Il Papa si è piegato ai comunisti birmani e non ha difeso i rohingya

29 Nov 2017 17:20 - di Antonio Pannullo

Papa Francesco non ha avuto il coraggio di usare la parola “rohingya” nel suo viaggio apostolico in Myanmar, l’ex Birmania. Ha dovuto sottostare ai diktat della giunta militare comunista al potere, per evitare ritorsioni contro la minoranza musulmana, considerata dal regime senza diritto a risiedere in Myanmar. Papa Bergoglio è tanto pronto a invitare clandestini in Italia quanto timoroso di battersi per una delle comunità più perseguitate del pianeta.
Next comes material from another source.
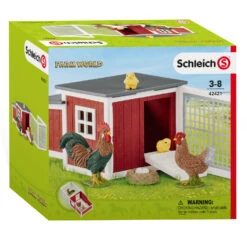 Schleich 42421 Kippenhok FarmWorld -Berg Winkel schleich 42421 kippenhok 2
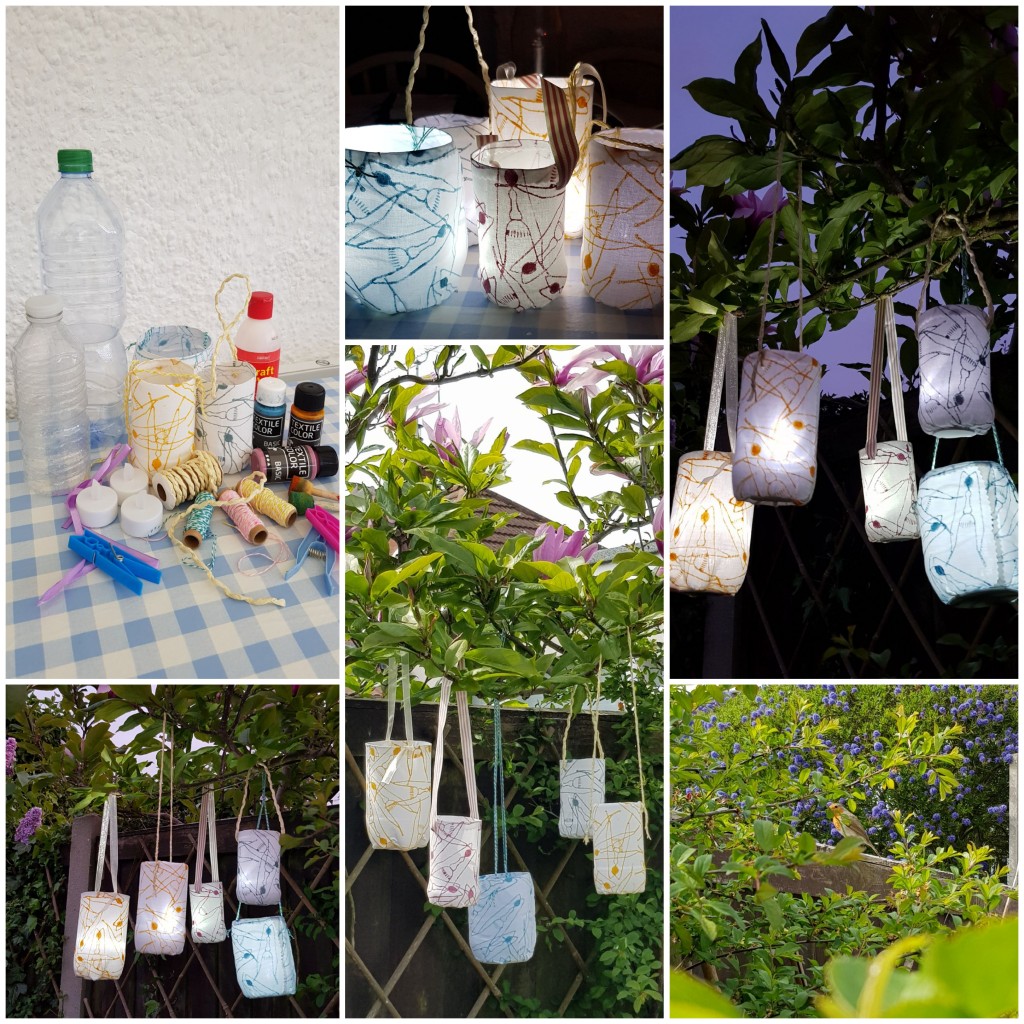 Create A Beautiful EcoFriendly Lantern From Recycled Plastic Bottles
Persino le associazioni solitamente a lui vicine stavolta lo hanno criticato: “È un peccato che papa Francesco non abbia usato la parola Rohingya durante il suo discorso in Myanmar, ma il suo appello per il rispetto di tutti i gruppi etnici e per una società inclusiva è benvenuto”. Lo ha dichiarato Ming Yu Hah, vicedirettrice delle campagne sull’Asia sudorientale e il Pacifico di Amnesty International. ”La visita di papa Francesco ha contribuito ad attirare l’attenzione internazionale su Myanmar e sugli orrendi crimini che vengono commessi quotidianamente contro la popolazione Rohingya”, ha sottolineato. ”A fare scandalo durante questa visita è stata l’insistenza del comandante delle forze armate di Myanmar, Min Aung Hlaing, secondo il quale “non c’è alcuna discriminazione tra gruppi etnici nel Paese”. Dichiarazione alla quale Bergoglio non ha saputo o voluto replicare. “La realtà è che le autorità di Myanmar hanno intrappolato i Rohingya in un sistema di repressione e segregazione che equivale al crimine contro l’umanità di apartheid. Negli ultimi mesi le forze armate di Myanmar, di cui Min Aung Hlaing è comandante, hanno portato avanti una crudele campagna di pulizia etnica contro i Rohingya”, ha sottolineato Ming Yu Hah. ”Anche altre etnie e minoranze religiose di Myanmar subiscono discriminazioni e violazioni dei diritti umani da parte delle forze armate. Queste violazioni devono cessare, i diritti umani di tutti i gruppi etnici devono essere rispettati e gli autori dei crimini nei loro confronti devono risponderne, a prescindere dal grado o dalla posizione che ricoprono. Su questo, ora, la comunità internazionale deve mantenere alta l’attenzione”.